My Products
Help
Qics_Development
CONTRIBUTOR *

oAuth Access Token Response differs from the standard

by Qics_Development

Visma,

 

I'm in the progress of connecting to the Visma.net API.

I ran into an issue where our application doesn't handle the Visma.net oAuth authorization correctly.

The reason for this is that the Visma.net implementation differs from the standard.

 

When I mean standard, I refer to the https://www.oauth.com/ website and the standard that's described there. I was wondering why Visma.net has chosen to divert from this standard and if it's possible to get the standard responses instead of the custom Visma.net response.

 

To elaborate:

Authorization Request - Identical to standard described on  https://www.oauth.com/

Authorization Response - Identical to standard described on  https://www.oauth.com/

Access Token Request - Identical to standard described on  https://www.oauth.com/

Access Token Response – Not identical!

 

https://www.oauth.com/oauth2-servers/access-tokens/access-token-response/ describes the response as follows:

 

HTTP/1.1 200 OK

Content-Type: application/json

Cache-Control: no-store

Pragma: no-cache

 

{

  "access_token":"MTQ0NjJkZmQ5OTM2NDE1ZTZjNGZmZjI3",

  "token_type":"bearer",

  "expires_in":3600,

  "refresh_token":"IwOGYzYTlmM2YxOTQ5MGE3YmNmMDFkNTVk",

  "scope":"create"

}

 

Visma.net response is:

 

HTTP/1.1 200 OK

Content-Type: application/json

Cache-Control: no-store

Pragma: no-cache

 

{

  "token":"1f729814-1a98-4c8e-860b-76ec004742f5",

  "token_type":"bearer",

  "scope":"financialstasks"

}

 

My question is: Is there a way for me the get the standard response format as described on https://www.oauth.com/

 

A thing I did notice is that Visma eAccounting API DOES return the responses formatted the same as described in the standard, so Visma.net seems to be the odd one out. Is this on purpose and how do I get around this without recoding our generic oAuth2 implementation with an exception for Visma.net?

 

Thanks in advance!

6 REPLIES 6

by Yıldırım

Hello, 


@Qics_Development wrote:

Is there a way for me the get the standard response format as described on https://www.oauth.com/

How do I get around this without recoding our generic oAuth2 implementation with an exception for Visma.net?


This is correct. Visma.net ERP API Access Token Response returns the token value in  the "token" key instead of "access_token". According to information we've received from the infrastructure team this has been handled in this way when it's implemented due to internal dependencies so that it was kept in the "token" key.

Additionally, The token does not expire, meaning that it can be stored in the client-application. If requesting a new token for the same User with the same ClientId, the previous token will be invalidated. Please see Visma.net ERP API Integrations Startup Guide for further information.

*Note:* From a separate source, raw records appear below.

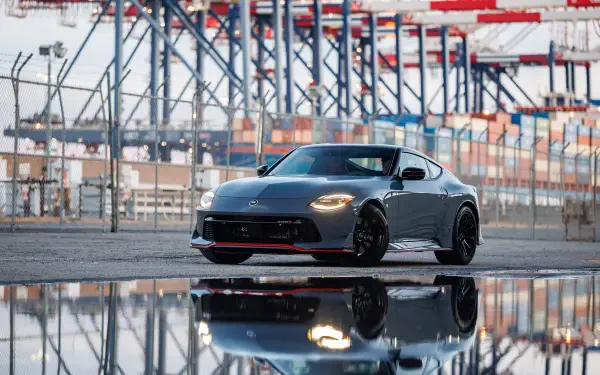 Gray Nissan Z Nismo sports car at an industrial port, reflected in wet pavement — 4K Ultra HD PC desktop wallpaper and background.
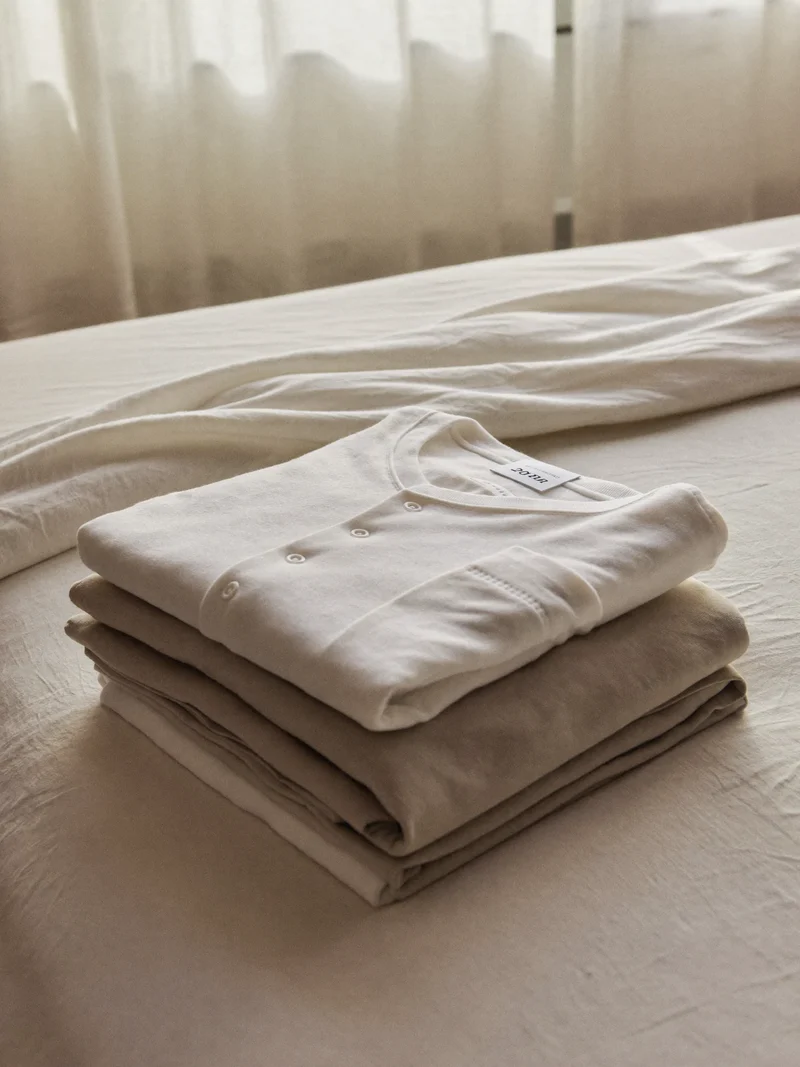 Pijamale din jerseu de bumbac, împăturite pe un pat de copil cu lenjerie simplă.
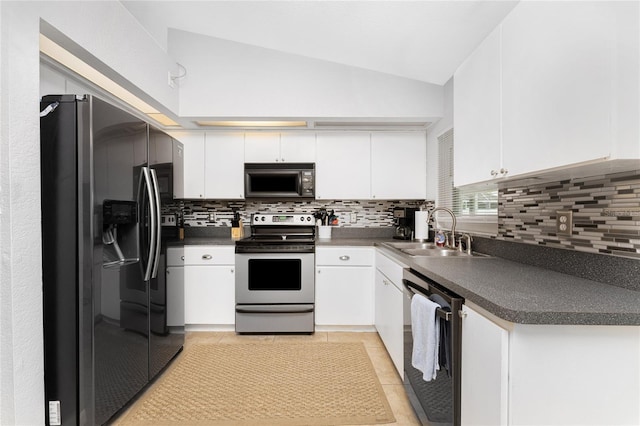 kitchen with appliances with stainless steel finishes, sink, decorative backsplash, and white cabinets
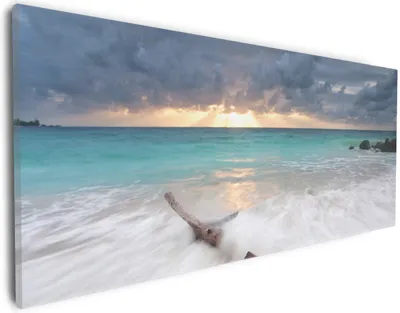Produktbild von Wallario Premium Leinwandbild Wellen am Strand bei Sonnenuntergang in Größe 30 x 75 cm
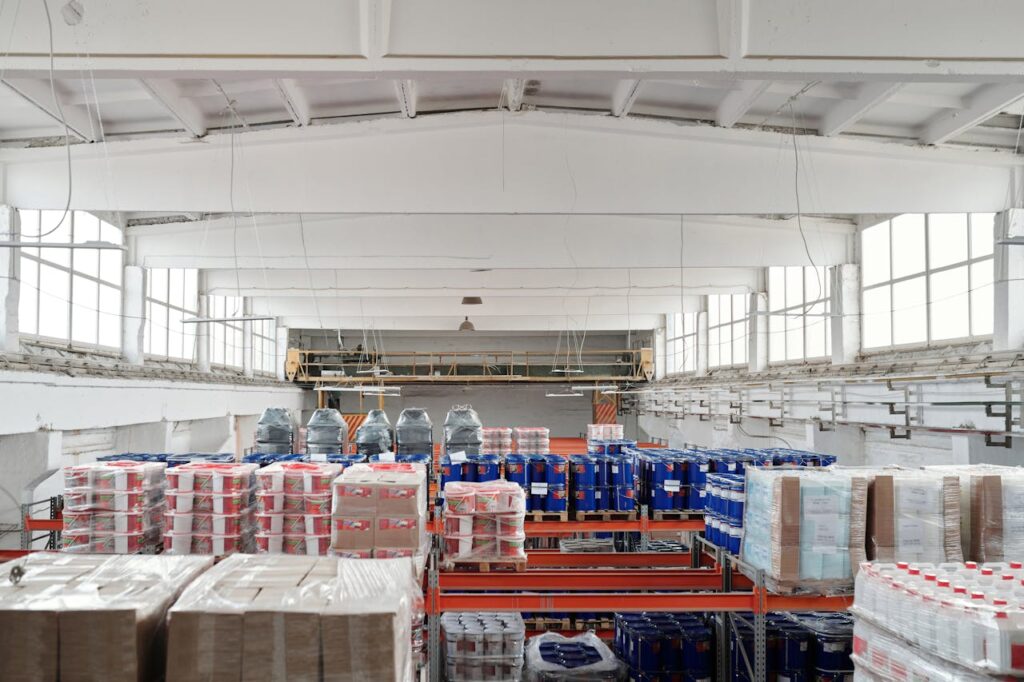 An industrial warehouse stocked with pallets of product.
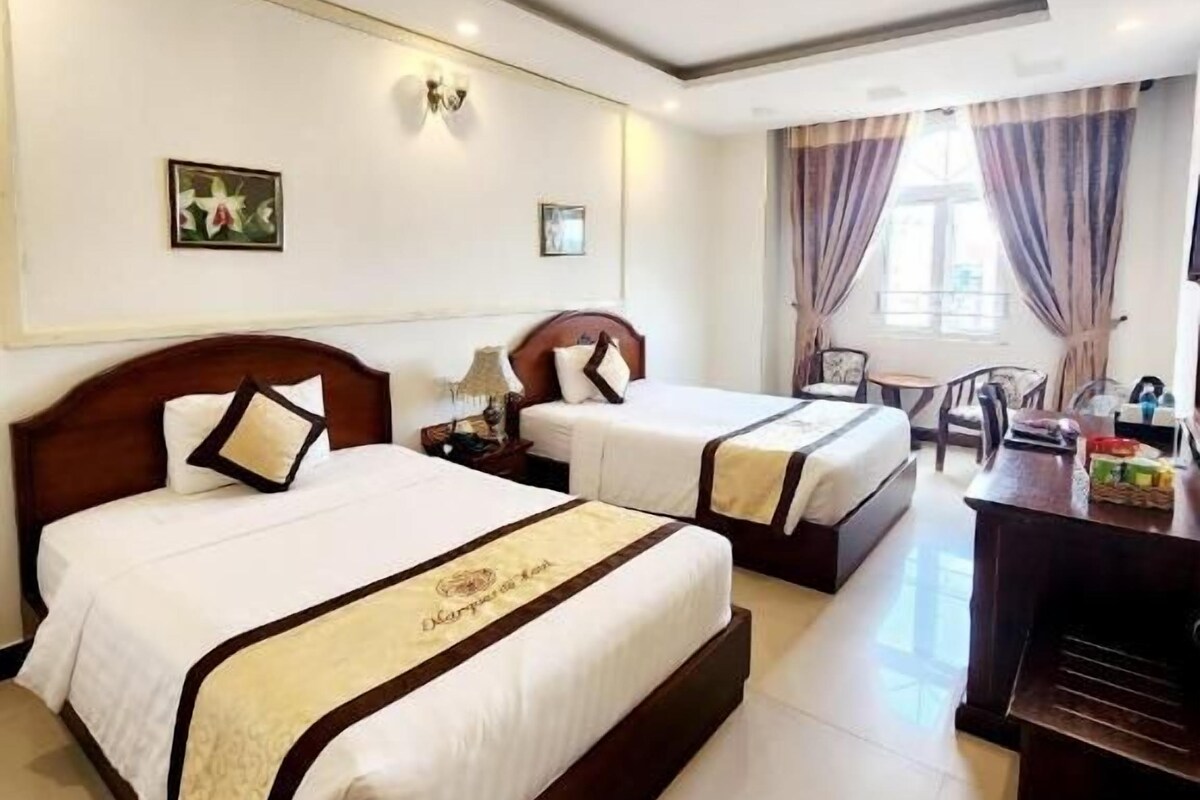 A hotel room with two beds, a desk, and a chair.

At the moment  an exception should be added in the implementation for Visma.net API to read "Token" key. 

Qics_Development
CONTRIBUTOR *

I hate to say this, but that is a terrible way to implement oAuth.

 

Every application that has a generic oAuth implementation and wants to connect to Visma.net ERP will have to make an exception for this to work. Even in Postman (which has this same generic implementation) you have to manually copy and paste the "token" value to use it.

 

I can only strongly urge you, to motivate your development and infrastructure team, to follow the standards for oAuth implementation also with the Access Token Reponse, because breaking the standard to make it fit better in your own infrastructure is probably never the optimum results. Especially not if it's the part of the code that is used to connect the application to external applications.

 

Thanks for the answer though. Just disappointed that this is the outcome.

Accepted solution
Yıldırım
VISMA

by Yıldırım (Updated ‎09-06-2021 16:38 by Yıldırım VISMA )

We definitely understand the frustration and the rightful argument. Since every integration has already been built based on this exception, replacing it now would be a breaking change.

On the other hand, If oAuth implementation refactoring would be put on the agenda in the future, we'll emphasize this to the team to reconsidering this approach and find out a plausible solution.

 

For now, by far the quickest and convenient solution would be building a small function to deserialize the "token" key from the response body.

Florian Haase
PARTNER

by Florian Haase

Would it work to deliver the token both in "token" and "access_token"? For me it sounds that this could solve the needs for both - Visma and standard-implementations?

Qics_Development
CONTRIBUTOR *

by Qics_Development

I think that this depends a lot on how strict the receiving system upholds the standards. A lack of refresh_token field could be breaking for one implementation and not so much for another one.

 

If the receiving system is very strict and only accepts a response that's formatted towards the standard, even adding an extra field would break it.

adrianm
PARTNER

by adrianm

According to the specification, refresh_token is optional. A client requiring it is non conforming.

Extra fields are indirectly allowed "typically along with some additional properties about the authorization."

 

So having both "token" and "access_token" is fine according to the standard but I assume Hyrum's law applies as well.